“Die Bologna-Entführung – Geraubt im Namen des Papstes” ist ein denkbar dummer Titel. Er erinnert an einen Trashfilm, ein B-Movie mit raffgierigen Figuren und Kirchen-Bashing.

Der italienische Originaltitel “Rapito” ist nicht weniger reißerisch, bedeutet er im Deutschen doch so viel wie “entführt”.

Dem Film, seiner Aussage und vor allem seiner Bedeutung für unsere Gegenwart wesentlich gerechter wird hingegen der Arbeitstitel: “La conversione”, die Konversion. Es handelt sich um ein italienisch-französisch-deutsches Historien-Drama aus 2023. Morgen erscheint es für das Heimkino auf Blu-Ray und DVD (und als VOD).

von Richard Potrykus

“Die Bologna-Entführung” beruht auf den wahren Ereignissen rund um die jüdische Familie Mortara, die ein Schicksal durchleben muss, von welchem sie sich nicht erholen sollte. Die Handlung spielt in Bologna und Rom in der zweiten Hälfte des 19. Jahrhunderts.

Eines Abends kommen Soldaten zum Haus der Mortaras und verlangen die Herausgabe eines der Söhne, Edgardo (Enea Sala). Dieser, so heißt es, wäre sechs Jahre zuvor getauft worden, weshalb er nun in kirchliche Obhut genommen und eine christliche Erziehung bekommen müsste. Die Eltern (Fausto Russo Alesi, Barbara Ronchi) sind machtlos und und können die Entführung des Jungen nicht verhindern.
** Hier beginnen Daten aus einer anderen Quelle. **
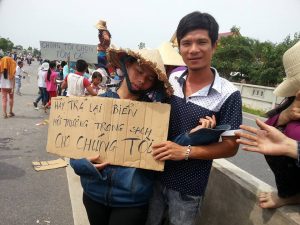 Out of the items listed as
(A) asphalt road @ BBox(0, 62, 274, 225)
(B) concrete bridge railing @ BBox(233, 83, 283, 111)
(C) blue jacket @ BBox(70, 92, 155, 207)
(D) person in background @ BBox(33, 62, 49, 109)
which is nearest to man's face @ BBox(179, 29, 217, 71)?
(C) blue jacket @ BBox(70, 92, 155, 207)

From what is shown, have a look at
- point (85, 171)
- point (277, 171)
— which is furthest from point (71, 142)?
point (277, 171)

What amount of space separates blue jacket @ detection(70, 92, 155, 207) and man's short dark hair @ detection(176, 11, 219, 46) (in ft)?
2.84

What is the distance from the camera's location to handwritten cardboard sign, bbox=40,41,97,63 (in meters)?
9.01

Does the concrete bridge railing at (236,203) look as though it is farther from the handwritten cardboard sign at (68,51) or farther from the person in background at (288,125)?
the handwritten cardboard sign at (68,51)

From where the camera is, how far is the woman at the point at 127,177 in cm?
199

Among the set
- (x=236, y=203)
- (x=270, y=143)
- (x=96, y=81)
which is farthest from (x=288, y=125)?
(x=96, y=81)

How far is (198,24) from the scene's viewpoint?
1.89 m

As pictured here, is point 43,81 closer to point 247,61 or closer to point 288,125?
point 288,125

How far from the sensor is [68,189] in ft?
15.5

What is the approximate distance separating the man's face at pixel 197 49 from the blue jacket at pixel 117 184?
0.71 metres

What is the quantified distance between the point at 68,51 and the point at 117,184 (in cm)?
795

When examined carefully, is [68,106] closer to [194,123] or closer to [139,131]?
[139,131]

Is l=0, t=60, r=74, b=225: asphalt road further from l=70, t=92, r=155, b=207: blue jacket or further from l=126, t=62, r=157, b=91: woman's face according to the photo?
l=126, t=62, r=157, b=91: woman's face

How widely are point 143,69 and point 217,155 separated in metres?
0.65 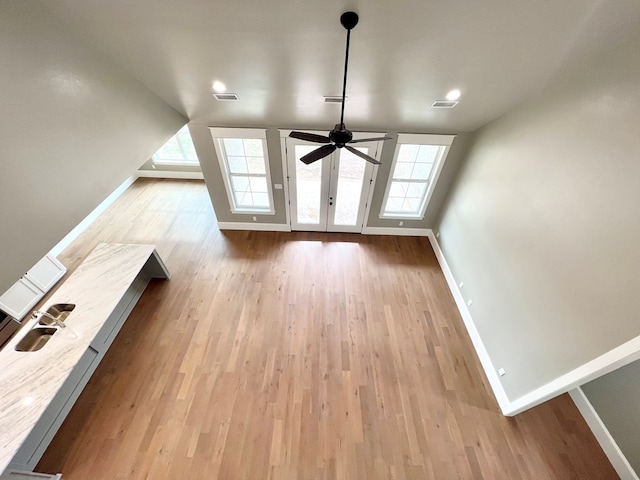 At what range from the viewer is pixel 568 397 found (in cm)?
302

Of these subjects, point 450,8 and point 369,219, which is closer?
point 450,8

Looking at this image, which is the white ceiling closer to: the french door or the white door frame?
the white door frame

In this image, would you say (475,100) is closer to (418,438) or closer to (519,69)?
(519,69)

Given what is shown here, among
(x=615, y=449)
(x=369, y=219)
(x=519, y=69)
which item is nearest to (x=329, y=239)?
(x=369, y=219)

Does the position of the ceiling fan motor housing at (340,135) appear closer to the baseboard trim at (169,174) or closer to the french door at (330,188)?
the french door at (330,188)

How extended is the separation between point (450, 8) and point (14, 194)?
10.1 ft

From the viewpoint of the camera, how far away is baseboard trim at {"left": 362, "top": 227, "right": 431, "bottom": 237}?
17.1 ft

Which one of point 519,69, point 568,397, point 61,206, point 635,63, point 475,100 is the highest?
point 475,100

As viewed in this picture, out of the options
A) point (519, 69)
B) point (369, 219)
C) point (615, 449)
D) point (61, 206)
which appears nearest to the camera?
point (61, 206)

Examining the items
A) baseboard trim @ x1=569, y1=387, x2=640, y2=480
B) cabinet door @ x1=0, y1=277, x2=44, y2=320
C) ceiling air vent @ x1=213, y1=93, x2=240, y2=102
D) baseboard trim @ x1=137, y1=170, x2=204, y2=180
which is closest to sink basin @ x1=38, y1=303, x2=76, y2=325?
cabinet door @ x1=0, y1=277, x2=44, y2=320

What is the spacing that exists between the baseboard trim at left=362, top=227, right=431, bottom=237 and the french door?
0.21 m

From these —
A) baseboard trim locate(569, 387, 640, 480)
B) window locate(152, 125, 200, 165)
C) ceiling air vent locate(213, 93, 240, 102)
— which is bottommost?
baseboard trim locate(569, 387, 640, 480)

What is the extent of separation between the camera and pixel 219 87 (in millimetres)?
2660

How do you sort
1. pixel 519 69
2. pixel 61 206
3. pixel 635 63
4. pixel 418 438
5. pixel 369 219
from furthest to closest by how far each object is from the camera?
pixel 369 219 → pixel 418 438 → pixel 519 69 → pixel 61 206 → pixel 635 63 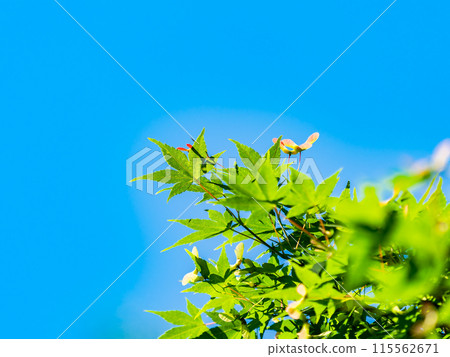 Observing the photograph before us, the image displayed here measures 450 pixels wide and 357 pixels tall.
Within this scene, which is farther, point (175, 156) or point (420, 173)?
point (175, 156)

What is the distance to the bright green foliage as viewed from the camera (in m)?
0.46

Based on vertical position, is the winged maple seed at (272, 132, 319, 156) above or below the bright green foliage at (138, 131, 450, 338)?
above

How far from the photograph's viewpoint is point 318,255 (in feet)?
2.31

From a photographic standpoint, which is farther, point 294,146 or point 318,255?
point 294,146

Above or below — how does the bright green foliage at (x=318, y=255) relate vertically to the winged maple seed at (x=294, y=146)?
below

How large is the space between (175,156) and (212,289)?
36 cm

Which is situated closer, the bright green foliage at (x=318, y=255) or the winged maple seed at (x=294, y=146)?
the bright green foliage at (x=318, y=255)

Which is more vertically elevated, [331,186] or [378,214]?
[331,186]

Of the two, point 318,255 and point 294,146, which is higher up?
point 294,146

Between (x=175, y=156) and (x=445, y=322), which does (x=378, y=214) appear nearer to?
(x=445, y=322)

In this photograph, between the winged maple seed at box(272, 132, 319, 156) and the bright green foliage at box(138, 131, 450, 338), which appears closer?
the bright green foliage at box(138, 131, 450, 338)

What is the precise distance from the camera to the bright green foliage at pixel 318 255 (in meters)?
0.46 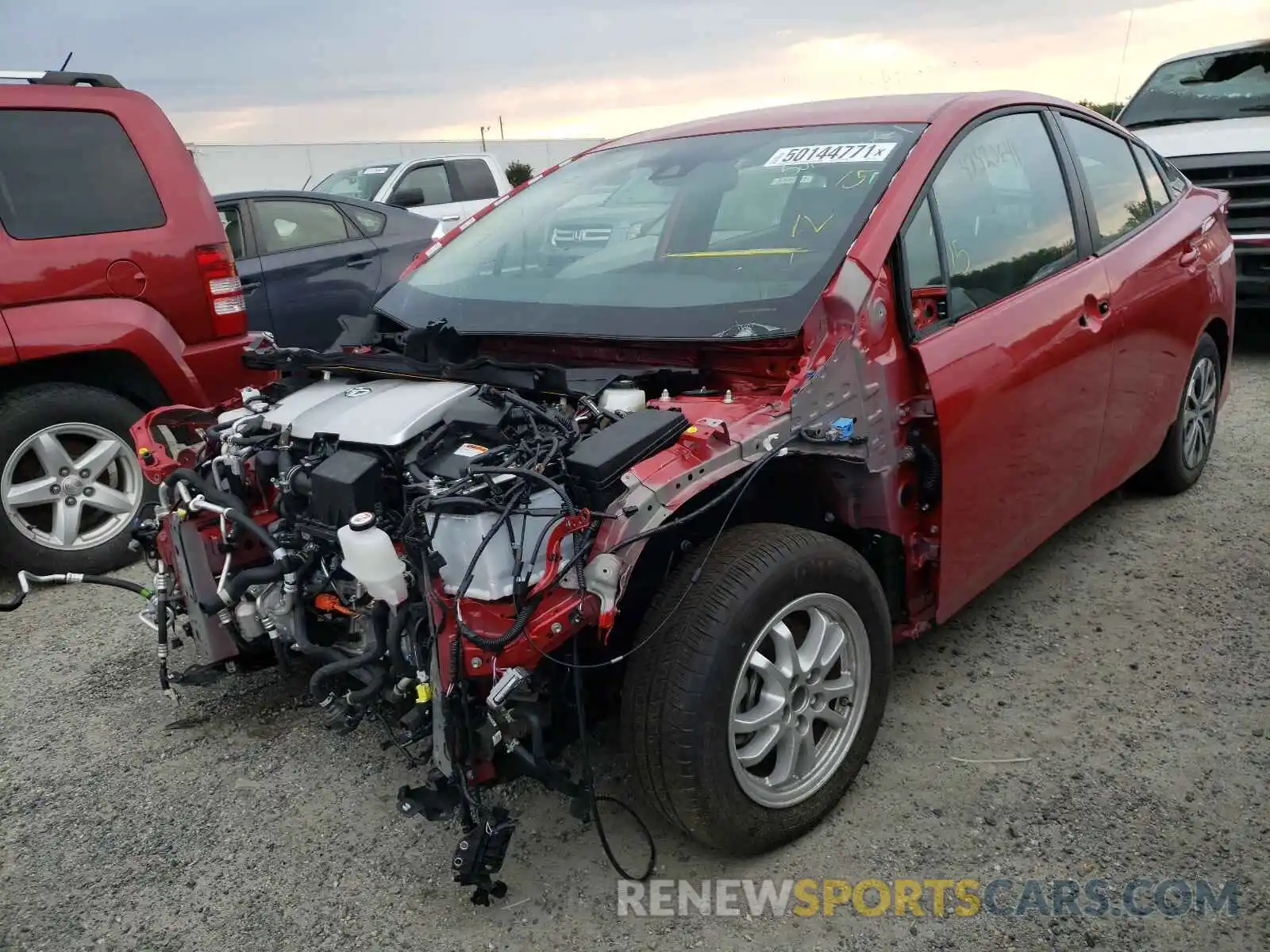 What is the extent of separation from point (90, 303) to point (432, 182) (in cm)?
610

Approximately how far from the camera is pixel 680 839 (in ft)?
8.34

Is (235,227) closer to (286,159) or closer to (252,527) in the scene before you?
(252,527)

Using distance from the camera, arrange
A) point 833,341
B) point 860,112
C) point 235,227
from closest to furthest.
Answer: point 833,341 < point 860,112 < point 235,227

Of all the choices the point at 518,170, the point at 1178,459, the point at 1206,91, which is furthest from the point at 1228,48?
the point at 518,170

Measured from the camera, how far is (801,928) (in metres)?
2.23

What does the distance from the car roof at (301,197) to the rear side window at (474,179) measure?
8.48 feet

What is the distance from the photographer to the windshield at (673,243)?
2711mm

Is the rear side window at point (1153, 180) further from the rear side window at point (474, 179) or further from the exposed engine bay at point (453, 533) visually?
the rear side window at point (474, 179)

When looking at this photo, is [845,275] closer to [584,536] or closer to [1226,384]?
[584,536]

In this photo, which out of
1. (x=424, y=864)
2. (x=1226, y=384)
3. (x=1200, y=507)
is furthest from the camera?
(x=1226, y=384)

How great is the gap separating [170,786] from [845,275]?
2.43 meters

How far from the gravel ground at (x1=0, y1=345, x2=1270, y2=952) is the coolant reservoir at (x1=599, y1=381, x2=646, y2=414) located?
1075mm

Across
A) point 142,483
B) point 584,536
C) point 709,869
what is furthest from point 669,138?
point 142,483

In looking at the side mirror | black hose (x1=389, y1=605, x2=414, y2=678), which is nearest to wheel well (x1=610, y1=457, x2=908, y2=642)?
black hose (x1=389, y1=605, x2=414, y2=678) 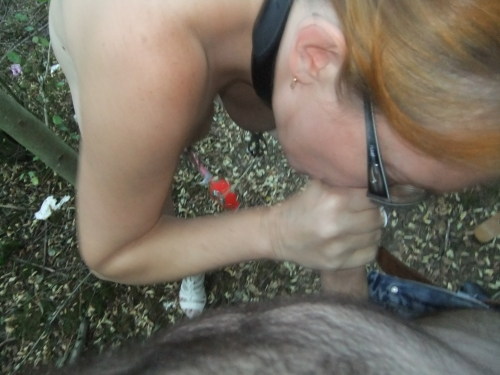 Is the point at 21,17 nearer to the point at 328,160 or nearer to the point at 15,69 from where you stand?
the point at 15,69

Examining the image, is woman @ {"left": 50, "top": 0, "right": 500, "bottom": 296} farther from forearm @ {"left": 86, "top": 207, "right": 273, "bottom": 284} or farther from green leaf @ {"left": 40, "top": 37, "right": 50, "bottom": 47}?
green leaf @ {"left": 40, "top": 37, "right": 50, "bottom": 47}

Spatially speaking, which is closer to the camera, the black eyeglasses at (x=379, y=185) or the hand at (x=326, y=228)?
the black eyeglasses at (x=379, y=185)

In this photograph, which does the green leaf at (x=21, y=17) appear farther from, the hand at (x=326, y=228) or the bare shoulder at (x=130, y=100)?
the hand at (x=326, y=228)

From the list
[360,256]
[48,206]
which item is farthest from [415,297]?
[48,206]

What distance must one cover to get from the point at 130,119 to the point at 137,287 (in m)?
1.17

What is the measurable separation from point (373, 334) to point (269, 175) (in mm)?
1632

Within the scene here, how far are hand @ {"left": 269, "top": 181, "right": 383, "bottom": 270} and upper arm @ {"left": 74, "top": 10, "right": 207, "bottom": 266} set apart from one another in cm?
21

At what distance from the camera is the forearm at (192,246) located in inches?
43.6

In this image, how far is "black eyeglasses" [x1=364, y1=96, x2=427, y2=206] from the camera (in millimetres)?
775

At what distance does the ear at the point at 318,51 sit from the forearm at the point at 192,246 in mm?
338

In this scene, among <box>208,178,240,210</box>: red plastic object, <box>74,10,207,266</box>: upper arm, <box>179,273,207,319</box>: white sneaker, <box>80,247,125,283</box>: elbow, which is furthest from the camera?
<box>208,178,240,210</box>: red plastic object

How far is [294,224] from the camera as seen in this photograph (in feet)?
3.36

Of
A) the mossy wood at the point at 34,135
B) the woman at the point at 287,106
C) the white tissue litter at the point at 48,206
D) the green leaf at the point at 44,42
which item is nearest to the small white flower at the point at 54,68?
the green leaf at the point at 44,42

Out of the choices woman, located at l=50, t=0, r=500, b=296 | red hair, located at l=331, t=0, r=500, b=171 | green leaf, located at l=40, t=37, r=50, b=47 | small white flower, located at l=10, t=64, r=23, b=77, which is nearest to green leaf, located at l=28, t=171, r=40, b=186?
small white flower, located at l=10, t=64, r=23, b=77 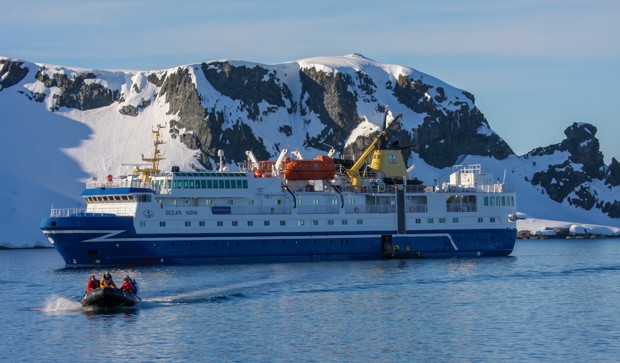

In der Folge unternehmen sie und andere Mitglieder der jüdischen Gemeinschaft enorme Anstrengungen, um den Jungen freizubekommen, doch obwohl der Fall international bekannt und sogar in den USA diskutiert wird, bekommen die Mortaras den eigenen Sohn nicht zurück, nicht zuletzt deswegen, weil sogar Papst Pius IX. (Paolo Pierobon) in die Angelegenheit involviert ist und sich persönlich des Jungen annimmt..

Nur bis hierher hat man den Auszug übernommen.